Both lawyers seemed to become somewhat emotional during the trial. No tears were shed, but several sighs, eye rolling, objections, red faces, and a general look of frustration from both were ever present throughout the trial. During my guessing game I speculated these two lawyers likely scored in the lower range on Adjustment, Interpersonal Sensitivity, and Prudence. The lawyers’ emotionality, direct and challenging communication style, and attempts to bend the rules of the court made me a bit curious about how lawyers behave in general. After serving nearly a week of jury duty, I returned to the Hogan office ready to see what existing research I could find around Hogan and lawyers.

As it turns out, Hogan published results from the Hogan Assessment Project of Lawyer Personality in 2009 (Understanding Lawyers: Why We Do the Things We Do). According to the study of 2,000 lawyers that used Hogan’s three core inventories (HPI, HDS, and MVPI), I wasn’t too far off from my predictions.
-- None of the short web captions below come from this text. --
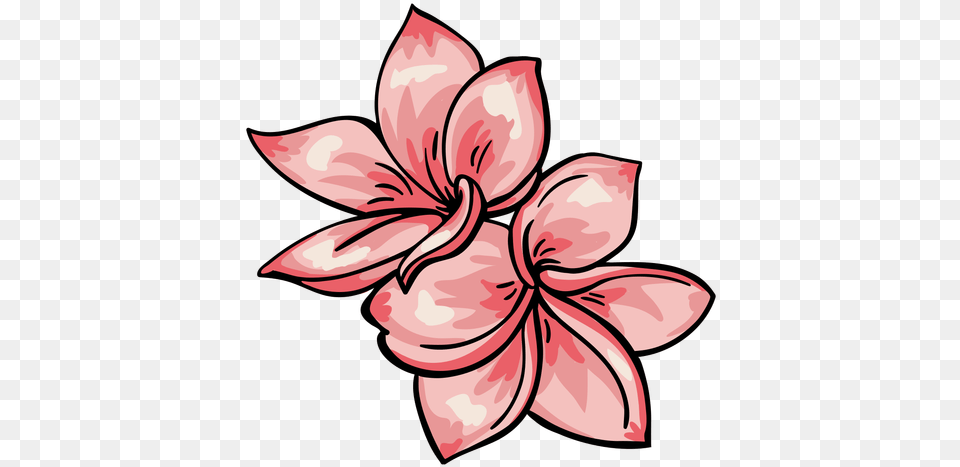 Tropical Flower Plumeria Transparent U0026 Svg Vector File Lily, Dahlia, Plant, Baby, Person Png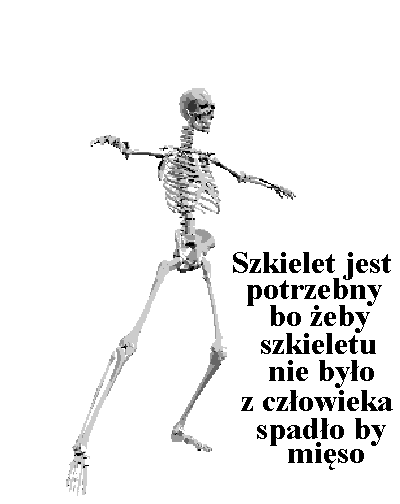 Szkielet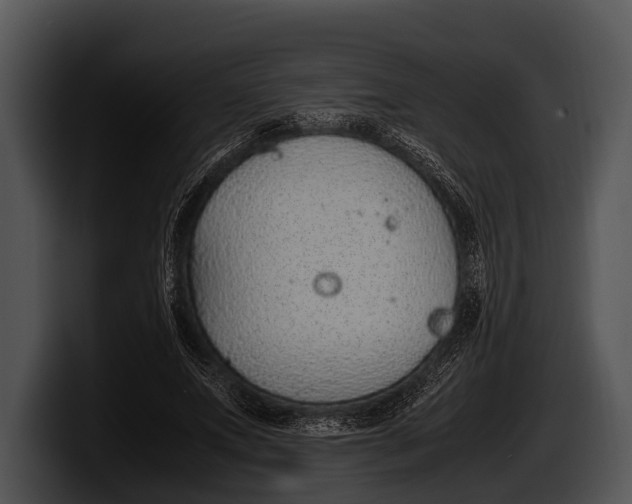 X0000100190687200806201255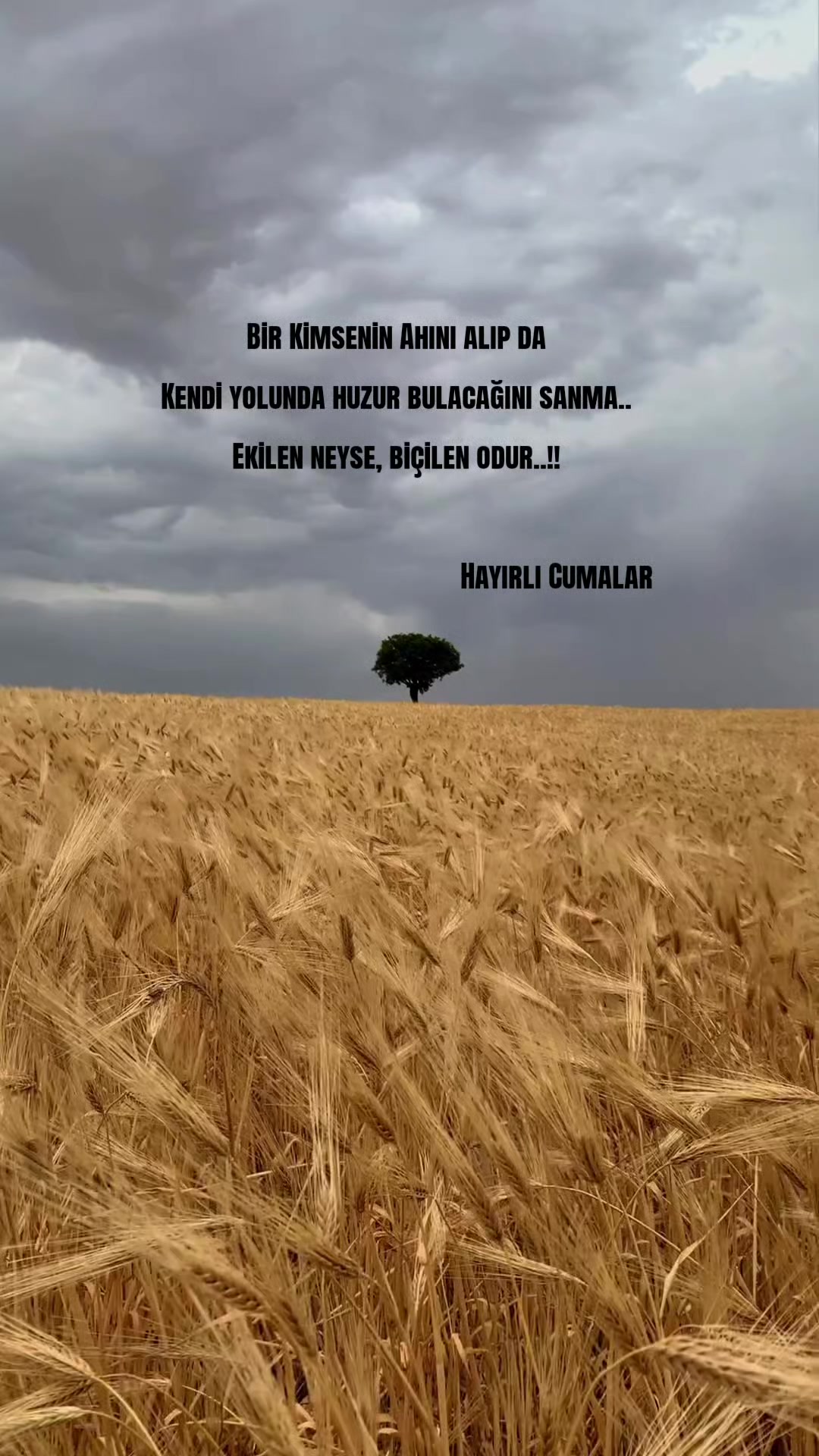 @tekbirr_Allah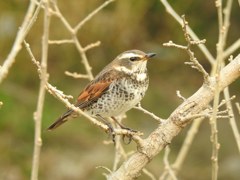 いぬ年になってもやっぱり鳥！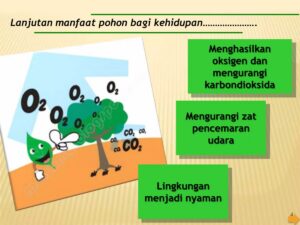 Menghitung Cara Penanaman 4 Jenis Pohon oleh 5 Relawan di 3 Lahan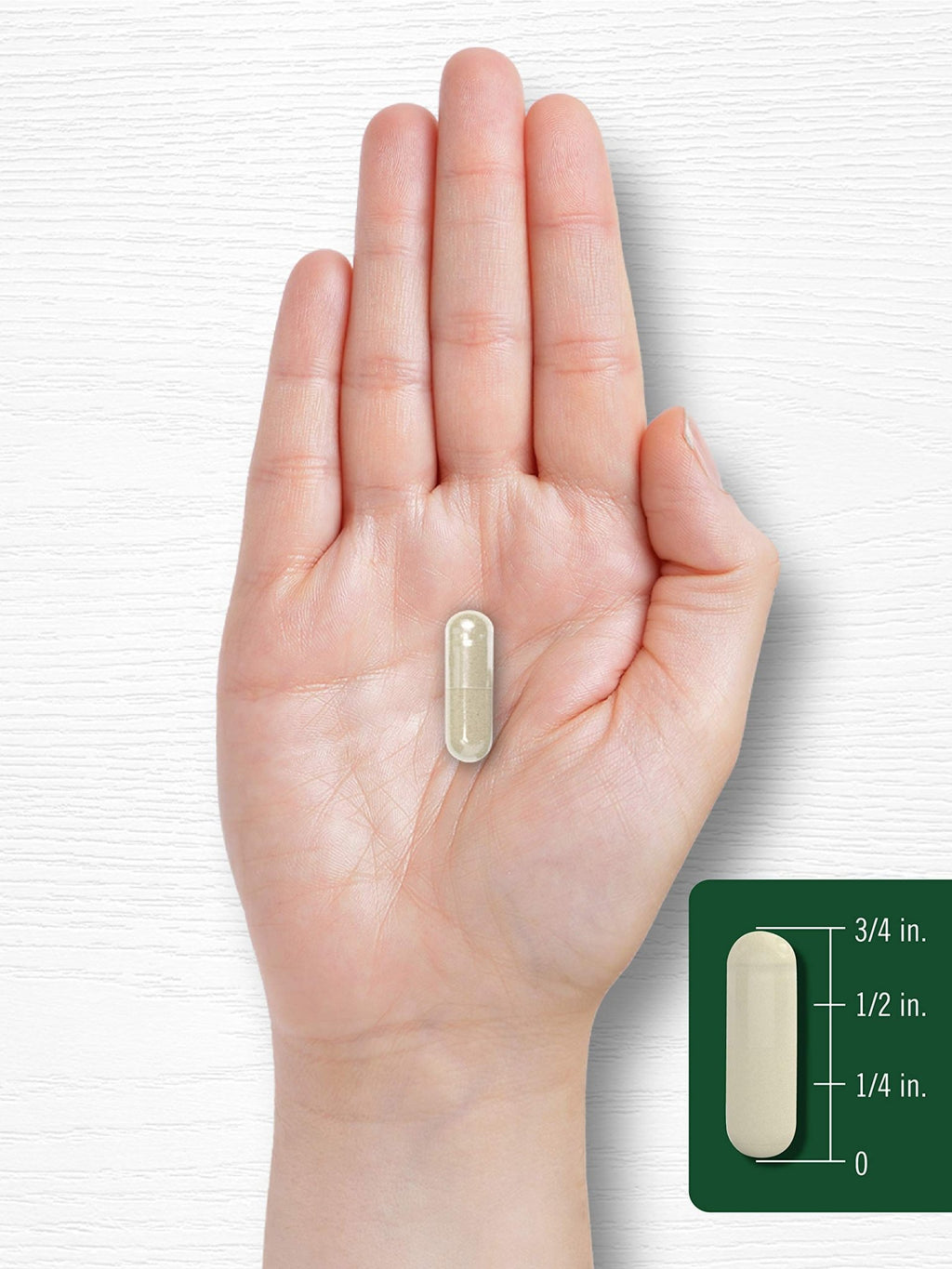 Carlyle Gymnema Sylvestre Capsules | 200 Count | Non-GMO and Gluten Free Supplement - FENGGESTORE20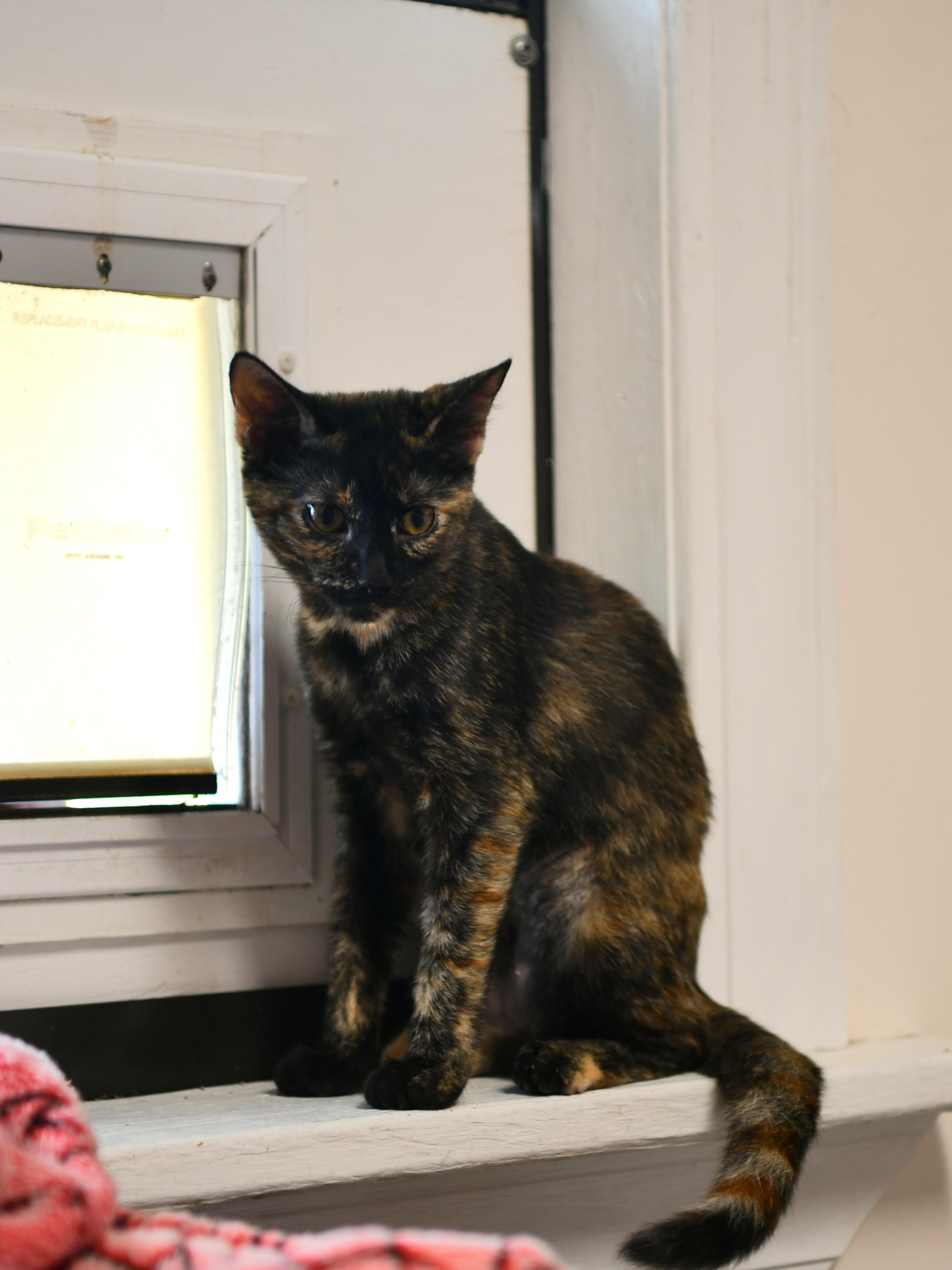 Porcupine, Adopted, Kitten Female Domestic Short Hair.
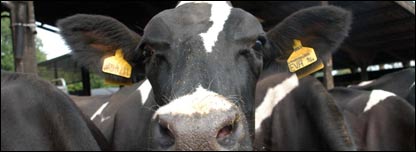 An English cow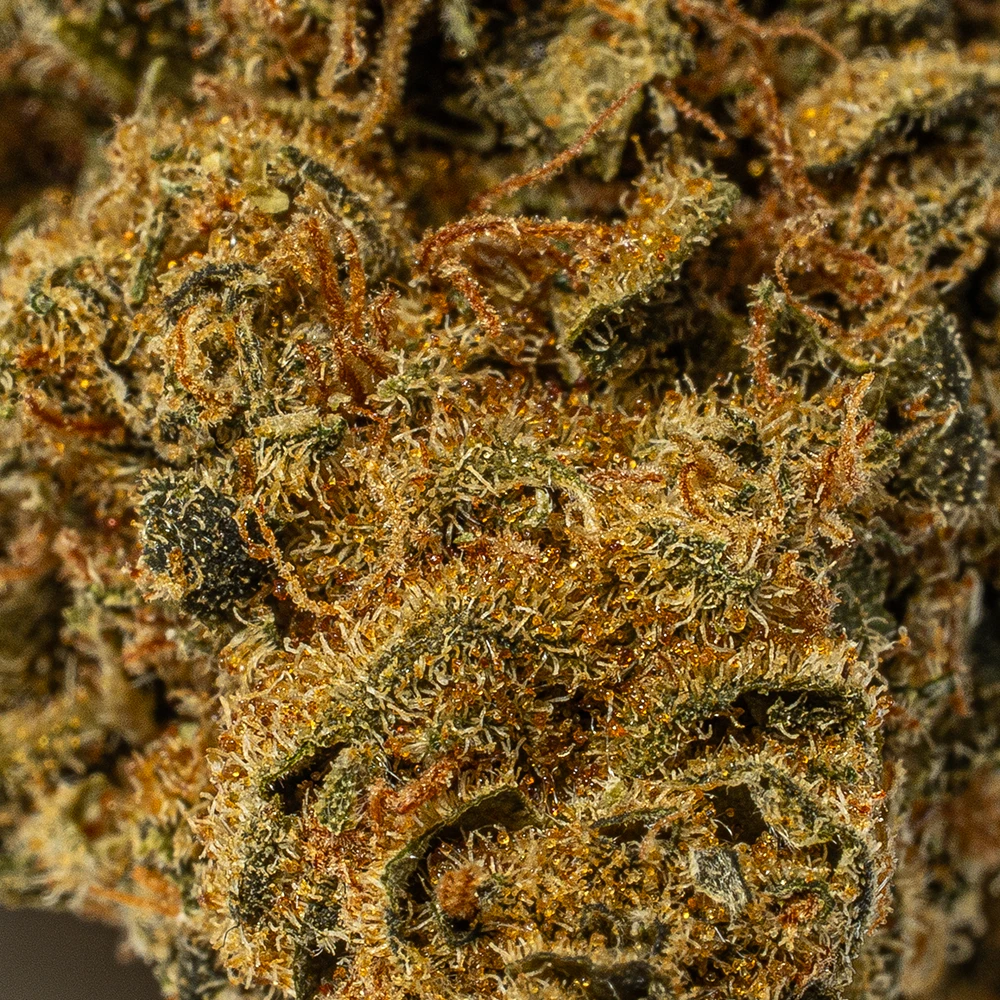 Bubblegum (AA) - Image 4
Although lawyers are responsible for different tasks and work in a variety of capacities, there are certain personality traits that are characteristic of lawyers in general.

The study shows the average results are significantly below the midpoint on the HPI Adjustment (44th percentile), which indicates lawyers on average tend to be emotionally expressive and moody, yet open to feedback and more self-aware of these behaviors. Additionally, the lowest average score is on HPI Interpersonal Sensitivity (40th percentile), “indicating that lawyers are task-oriented and tend to speak their minds but may also come across as cold, critical, and argumentative.” Moreover, lawyers exhibit more Excitable and Leisurely behaviors as measured by the HDS, which may explain the eye rolling, red faces, and limited respect for the judge’s rules I observed in the courtroom.

Although my recent and only experience yielded me a sample size of 2, the study I found in the archives seems to match my observations for the most part. It appears that I’m winning my Guess the Hogan scales game. I left jury duty feeling rewarded for my service and enlightened with different perspective of lawyers than I see on my favorite prime-time crime shows.